The NTSB said Enbridge had noticed cracks as early as 2005 but had failed to repair them.
“This accident is a wake-up call to the industry, the regulator, and the public,” NTSB Chairman Deborah A.P. Hersman said in a statement. “Enbridge knew for years that this section of the pipeline was vulnerable yet they didn’t act on that information.” She added that “for the regulator to delegate too much authority to the regulated to assess their own system risks and correct them is tantamount to the fox guarding the hen house.”
The spill began about 5:58 p.m. on July 25, 2010, when a 30-inch diameter pipeline ruptured. Twice, Enbridge workers tried to restart the pipeline after alarms about abnormal pressure in the line and 81 percent of the oil spilled over 17 hours after those alarms, the NTSB said.
“We believe that the experienced personnel involved in the decisions made at the time of the release were trying to do the right thing,” Enbridge’s chief executive, Patrick D. Daniel, said. “As with most such incidents, a series of unfortunate events and circumstances resulted in an outcome no one wanted.”

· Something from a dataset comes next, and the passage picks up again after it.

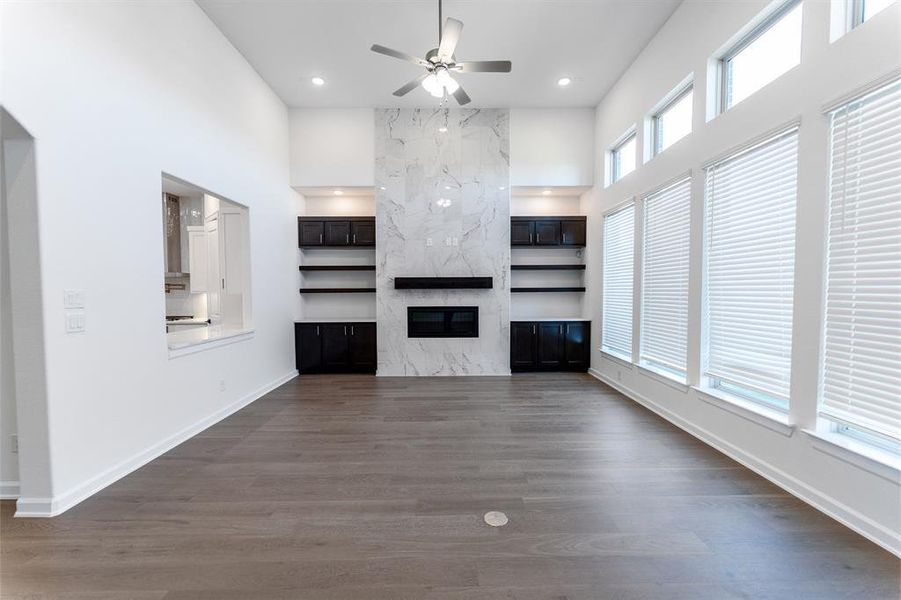 Spacious, unfurnished interior of a new home in Sonoma Verde, Rockwall (Image 20).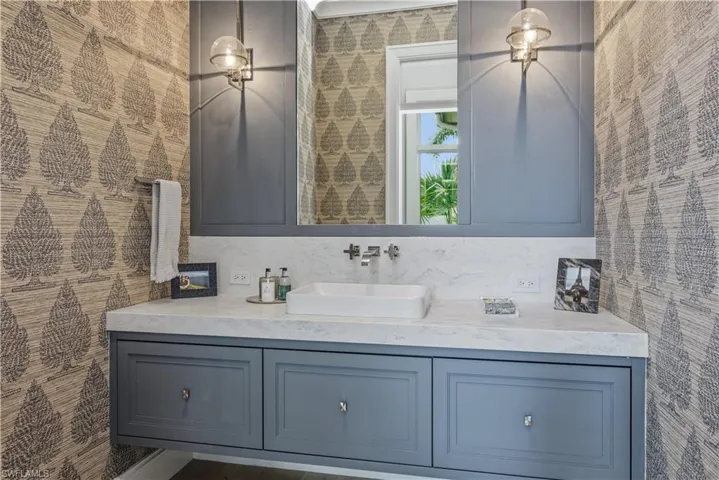 2987 Regatta Rd, Naples, Florida 34103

The case is being scrutinized by industry and environmental groups because it could threaten plans to build new pipelines to carry crude from Canada’s oil sands, or tar sands, into the United States. TransCanada’s controversial Keystone XL pipeline is one of the plans awaiting approval. Last month, the Environmental Protection Agency reopened the Kalamazoo for recreational use but said an area known as the Morrow Lake Delta would remain closed. It said there could be “temporary effects such as skin irritation” from “touching residual oil on the river or in the sediment.”
The NTSB, part of the Transportation Department, said the Enbridge pipeline break “was the result of multiple small corrosion-fatigue cracks that over time grew in size and linked together, creating a gaping breach in the pipe measuring over 80 inches long.”
Environmental groups say that the ingredients of crude from the oil sands could increase the number of pipeline leaks and that any spill would pose new cleanup problems because the bitumen in such crude oil sinks to the bottom of rivers and lakes instead of floating like that of conventional crude oils.